= Colmena =

Mexican robotic lunar science experiment

The Colmena project is a science and engineering experiment to design and deploy small autonomous robots to explore the surface of the Moon. It was created at the National Autonomous University of Mexico (UNAM) by the LINX Space Instrumentation Laboratory, at the UNAM Institute of Nuclear Sciences. It is the first Latin American scientific instrument designed to explore the surface of the Moon.

==Overview==
The payload consisted of five small, autonomous robots, each weighing less than 60 g and measuring 12 cm in diameter, which are designed to be catapulted onto the lunar surface. Once the robots are on the surface, they locate each other and collaborate in a swarm to accomplish their science mission (thus the project name, which is Spanish for beehive).
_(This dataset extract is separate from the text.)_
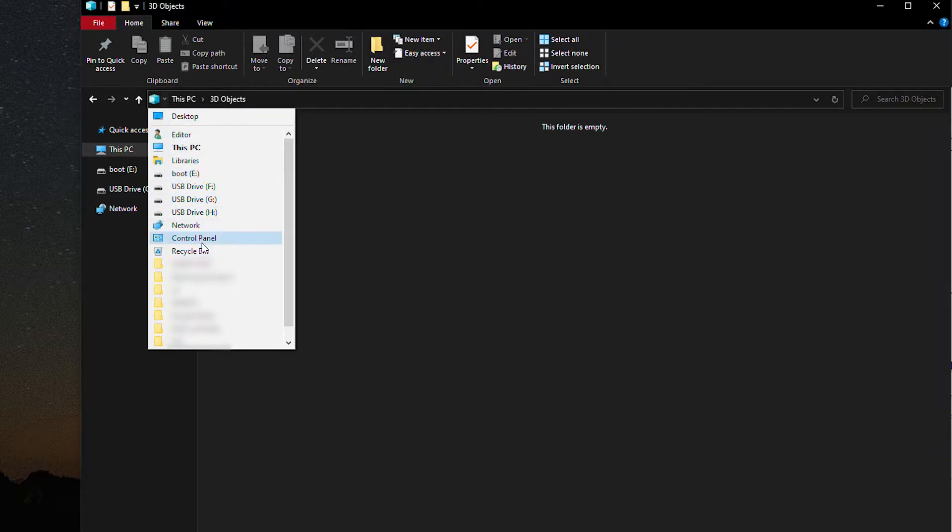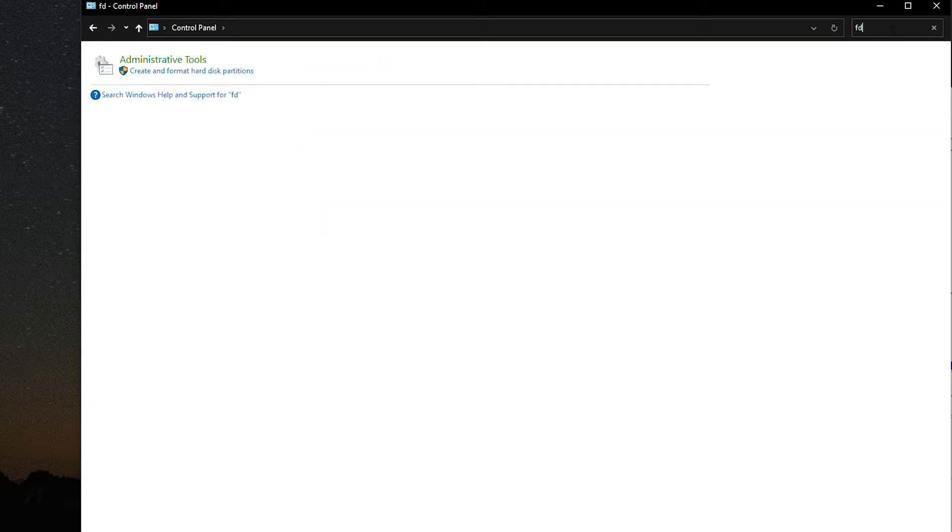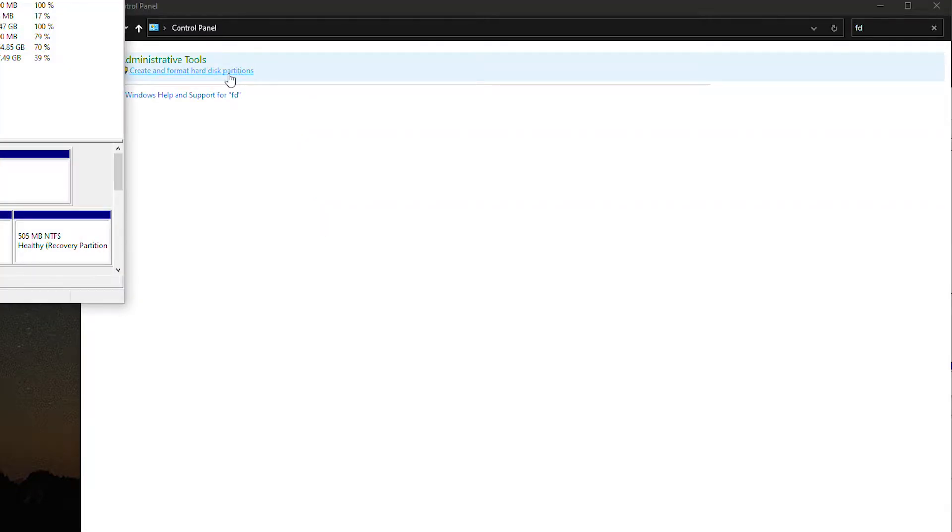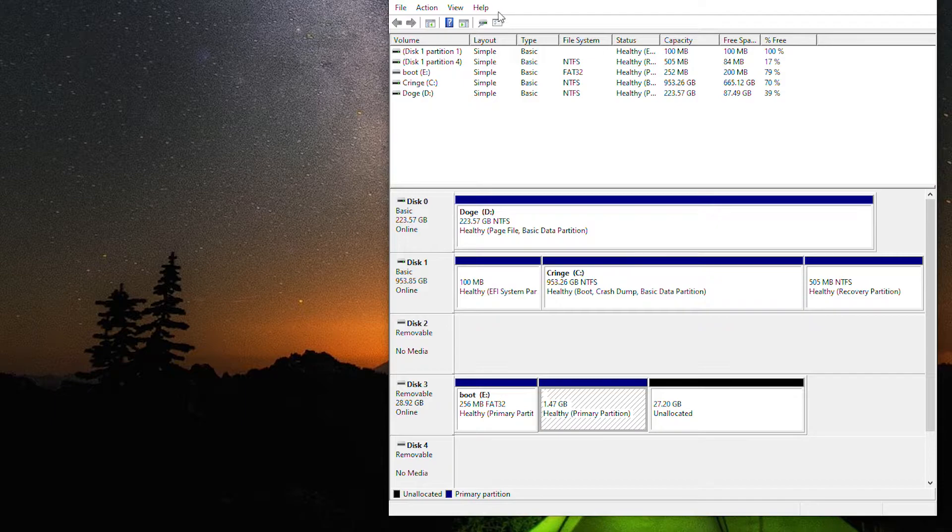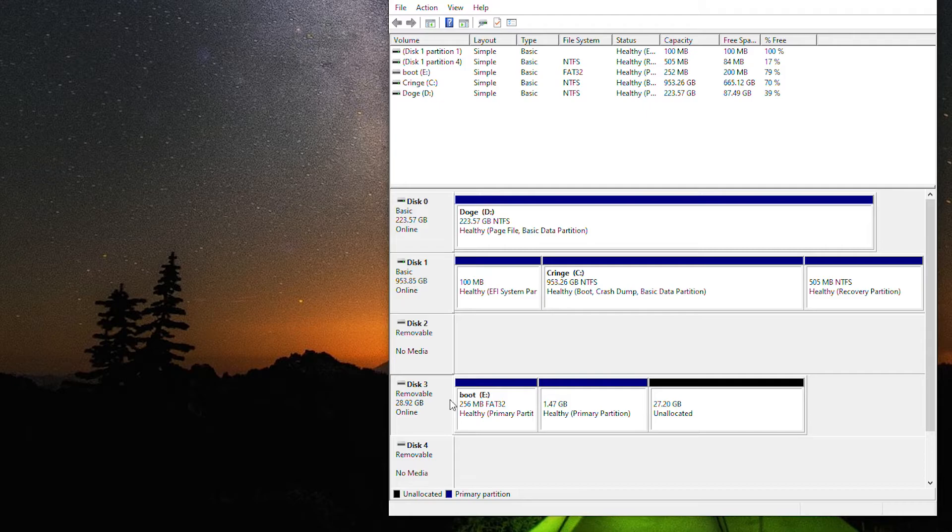Open up Disk Management as usual, either with the start menu search or searching for disk in Control Panel. This gives you the drive number of the drive that you're looking to wipe. In this case, Disk 3. Plus, once you wipe the drive, you'll need to create new partitions.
It was launched on 8 January 2024 on the maiden flight of the Vulcan Centaur rocket as a co-hosted payload on Astrobotic Technology's Peregrine Mission One to the Moon. However, following a propellant issue with the lander, the mission was aborted and the lander along with Colmena burned up in Earth's atmosphere over the South Pacific Ocean, with a last reported contact by the Canberra tracking station at 20:59 GMT.

A replica of Colmena, along with models of the other payloads, is integrated into a repurposed test model of Astrobotic's Peregrine lunar lander, as part of the Futures in Space exhibition at the Smithsonian National Air and Space Museum in Washington, D.C.